Would you? I'm thinking about it. Or thinking about trying rather(donno if anybody'd want it)


----------



## millenniumman75 (Feb 4, 2005)

No way.


----------



## BeaT (Sep 23, 2011)

Why not?


----------



## Jenikyula gone mad (Nov 9, 2009)

No matter where you meet your first lover, it's not a good idea to have sex with him/her until you build some sort of relationship, and trust.


----------



## BeaT (Sep 23, 2011)

I would want to get to know the person first. We would probably communicate online and over the phone for at least a week before we get down to it. But it would still all be in the context of getting comfortable enough with the person to have sex with them.


----------



## CynicalOptimist (Dec 31, 2010)

I wouldn't advise it, but it is really up to you. I am surprised you sound very little to not anxious about the whole proposed ordeal. It sounds like it could be a nerve wracking experience for anyone but especially someone with SA. Whatever you decide I hope you find happiness with your first sexual encounter.

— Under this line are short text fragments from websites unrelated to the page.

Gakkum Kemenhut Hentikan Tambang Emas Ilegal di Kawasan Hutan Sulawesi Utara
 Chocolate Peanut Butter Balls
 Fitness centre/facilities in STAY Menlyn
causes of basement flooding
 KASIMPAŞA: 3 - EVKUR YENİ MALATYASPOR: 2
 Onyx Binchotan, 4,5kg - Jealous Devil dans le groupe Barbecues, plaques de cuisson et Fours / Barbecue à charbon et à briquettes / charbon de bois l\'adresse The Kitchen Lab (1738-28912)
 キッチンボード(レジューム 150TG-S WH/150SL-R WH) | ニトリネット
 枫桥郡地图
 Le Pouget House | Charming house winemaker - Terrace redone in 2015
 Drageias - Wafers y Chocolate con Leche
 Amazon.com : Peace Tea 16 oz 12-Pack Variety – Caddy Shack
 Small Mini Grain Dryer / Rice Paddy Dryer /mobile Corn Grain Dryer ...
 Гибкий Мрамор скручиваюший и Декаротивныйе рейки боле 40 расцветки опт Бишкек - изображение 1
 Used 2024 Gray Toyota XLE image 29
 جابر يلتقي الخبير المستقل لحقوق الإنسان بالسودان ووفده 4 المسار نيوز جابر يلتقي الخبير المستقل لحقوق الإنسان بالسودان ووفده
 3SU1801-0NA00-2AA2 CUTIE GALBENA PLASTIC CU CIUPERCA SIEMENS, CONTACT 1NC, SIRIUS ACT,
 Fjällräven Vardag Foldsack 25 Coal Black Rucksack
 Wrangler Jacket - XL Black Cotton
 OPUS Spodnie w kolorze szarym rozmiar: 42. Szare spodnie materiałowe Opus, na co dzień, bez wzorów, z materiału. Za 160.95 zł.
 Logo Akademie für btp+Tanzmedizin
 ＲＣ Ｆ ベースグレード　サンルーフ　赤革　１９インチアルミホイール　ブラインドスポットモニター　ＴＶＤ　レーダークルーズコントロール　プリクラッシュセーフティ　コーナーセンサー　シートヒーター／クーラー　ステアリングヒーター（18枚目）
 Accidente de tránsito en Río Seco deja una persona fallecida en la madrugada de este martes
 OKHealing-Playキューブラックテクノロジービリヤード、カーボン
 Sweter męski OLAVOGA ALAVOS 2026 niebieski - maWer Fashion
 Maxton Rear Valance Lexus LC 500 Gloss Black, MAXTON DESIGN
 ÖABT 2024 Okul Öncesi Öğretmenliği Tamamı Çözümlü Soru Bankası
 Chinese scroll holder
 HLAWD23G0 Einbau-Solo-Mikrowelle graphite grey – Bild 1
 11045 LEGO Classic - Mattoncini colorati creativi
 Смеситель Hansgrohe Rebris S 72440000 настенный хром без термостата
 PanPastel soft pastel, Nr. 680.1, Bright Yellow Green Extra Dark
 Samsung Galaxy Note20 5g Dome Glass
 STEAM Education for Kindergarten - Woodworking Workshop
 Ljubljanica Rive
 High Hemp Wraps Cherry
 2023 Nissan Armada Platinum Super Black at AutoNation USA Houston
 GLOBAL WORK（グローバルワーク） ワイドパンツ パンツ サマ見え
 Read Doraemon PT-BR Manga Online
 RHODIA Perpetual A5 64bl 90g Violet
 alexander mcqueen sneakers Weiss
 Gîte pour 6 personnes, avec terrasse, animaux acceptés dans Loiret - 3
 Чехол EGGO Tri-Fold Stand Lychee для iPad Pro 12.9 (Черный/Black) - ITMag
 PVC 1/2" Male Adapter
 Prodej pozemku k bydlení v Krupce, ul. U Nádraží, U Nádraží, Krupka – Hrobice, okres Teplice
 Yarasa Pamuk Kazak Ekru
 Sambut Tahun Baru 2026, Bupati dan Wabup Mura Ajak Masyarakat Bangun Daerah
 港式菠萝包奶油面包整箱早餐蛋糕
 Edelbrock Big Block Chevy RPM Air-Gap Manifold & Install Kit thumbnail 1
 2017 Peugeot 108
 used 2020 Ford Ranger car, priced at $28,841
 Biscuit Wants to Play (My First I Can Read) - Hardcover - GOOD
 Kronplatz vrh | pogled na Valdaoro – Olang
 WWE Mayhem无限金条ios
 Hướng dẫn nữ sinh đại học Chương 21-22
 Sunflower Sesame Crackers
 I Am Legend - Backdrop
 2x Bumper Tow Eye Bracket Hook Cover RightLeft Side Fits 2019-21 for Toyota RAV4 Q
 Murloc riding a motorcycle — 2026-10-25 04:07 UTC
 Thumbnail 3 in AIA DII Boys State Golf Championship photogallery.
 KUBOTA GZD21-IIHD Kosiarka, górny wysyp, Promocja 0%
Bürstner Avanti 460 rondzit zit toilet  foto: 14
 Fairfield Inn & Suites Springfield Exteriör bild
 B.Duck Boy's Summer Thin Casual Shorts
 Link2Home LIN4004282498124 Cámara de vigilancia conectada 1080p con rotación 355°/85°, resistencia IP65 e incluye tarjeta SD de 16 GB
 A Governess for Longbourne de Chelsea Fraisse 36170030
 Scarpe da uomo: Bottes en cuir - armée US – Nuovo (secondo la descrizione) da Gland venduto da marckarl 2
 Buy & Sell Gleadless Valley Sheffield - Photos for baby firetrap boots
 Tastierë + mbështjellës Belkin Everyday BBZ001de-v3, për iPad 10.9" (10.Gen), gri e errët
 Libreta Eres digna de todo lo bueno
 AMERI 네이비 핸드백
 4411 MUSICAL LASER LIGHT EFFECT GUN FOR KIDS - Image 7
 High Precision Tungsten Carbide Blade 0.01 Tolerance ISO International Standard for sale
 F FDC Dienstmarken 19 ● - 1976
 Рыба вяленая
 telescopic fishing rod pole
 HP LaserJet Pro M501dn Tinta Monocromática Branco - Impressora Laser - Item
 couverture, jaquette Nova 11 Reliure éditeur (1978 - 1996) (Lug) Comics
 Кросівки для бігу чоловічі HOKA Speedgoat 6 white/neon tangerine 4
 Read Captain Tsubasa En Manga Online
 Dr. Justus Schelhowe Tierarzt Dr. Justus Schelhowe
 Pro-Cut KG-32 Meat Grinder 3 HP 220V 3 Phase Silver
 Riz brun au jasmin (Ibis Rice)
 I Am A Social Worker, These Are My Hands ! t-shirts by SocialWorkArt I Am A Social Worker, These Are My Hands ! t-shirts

I thought you were a girl when I first read the post title because there was a similar news story a couple years back that garnered a lot of media attention when a girl in the US decided to auction off her virginity to the highest bidder. You may have heard about it. She was interviewed on the Tyra Banks Show about the matter. I wasn't sure if you were trying to pursue the same enterprise as her before I read the post.


----------



## nothing to fear (Mar 23, 2005)

Dunno, depends on how far they are. Shipping can be expensive, and it would be a drag if your virginity got lost in the mail.


----------



## BeaT (Sep 23, 2011)

Oh it'll be nerve wracking all right. If I do do this, I expect it may be the most anxiety inducing thing ever. I expect the sex it self to incredibly awkward and embarrassing.

Yes I'm a guy. Which will make this harder. I got the idea from a craigslist add that was like 'cougar looking to make boy into a man' n i was like 

Unfortunately that particular add was removed. I figure I can post the opposite though and find somebody.


----------



## BeaT (Sep 23, 2011)

nothing to fear said:


> Dunno, depends on how far they are. Shipping can be expensive, and it would be a drag if your virginity got lost in the mail.


Atleast I'd have lost it...


----------



## millenniumman75 (Feb 4, 2005)

It's better to lose it with someone you care about. Handing it to a stranger seems pretty cheap. I couldn't imagine doing that and then telling my future wife that I slept with a (female) stranger.


----------



## anti-socialsocialite (May 1, 2011)

I'm selling mine for college tuition money on Ebay.


----------



## Jenikyula gone mad (Nov 9, 2009)

Find someone on SAS to "make you a man." XDD


----------



## BeaT (Sep 23, 2011)

It would be NICE to lose it with somebody I cared about. But not really that important. Not many people marry their first love. In any mature relationship both people are going to have to accept and get over the fact that their partner has a past with other people.

I doubt I'll ever get married too. I completely accepted long ago that I would die alone and unloved. That I may not die a virgin too is something that in the past I wouldn't have believed or bothered to try for.


----------



## BeaT (Sep 23, 2011)

Jenikyula gone mad said:


> Find someone on SAS to "make you a man." XDD


New York is not outside of the range I would be willing to travel...

:wink


----------



## RockBottomRiser (Jun 5, 2011)

I strongly advise you to do this.


----------



## Jenikyula gone mad (Nov 9, 2009)

BeaT said:


> New York is not outside of the range I would be willing to travel...
> 
> :wink


Hmm. Send me your resume! :boogie


----------



## BeaT (Sep 23, 2011)

Jenikyula gone mad said:


> Hmm. Send me your resume! :boogie


Oh god.... que the anxiety. Now I actually have to do something. I'll hit you up in a little, after some liquid courage.


----------



## anti-socialsocialite (May 1, 2011)

Jenikyula gone mad said:


> Hmm. Send me your resume! :boogie


My boy BeaT doesn't need to send you a resume. Just look at this fine young stud. I think you should consider yourself lucky that he is considering you as a possible option.


----------



## Perkins (Dec 14, 2010)

If I found myself attracted to them and liked/cared about them and are disease-free then yes.


----------



## BeaT (Sep 23, 2011)

BasedGod said:


> My boy BeaT doesn't need to send you a resume. Just look at this fine young stud. I think you should consider yourself lucky that he is considering you as a possible option.


Mmm stroke that ego.

I am pretty awesome.


----------



## BeaT (Sep 23, 2011)

Perkins said:


> If I found myself attracted to them and liked/cared about them and are disease-free then yes.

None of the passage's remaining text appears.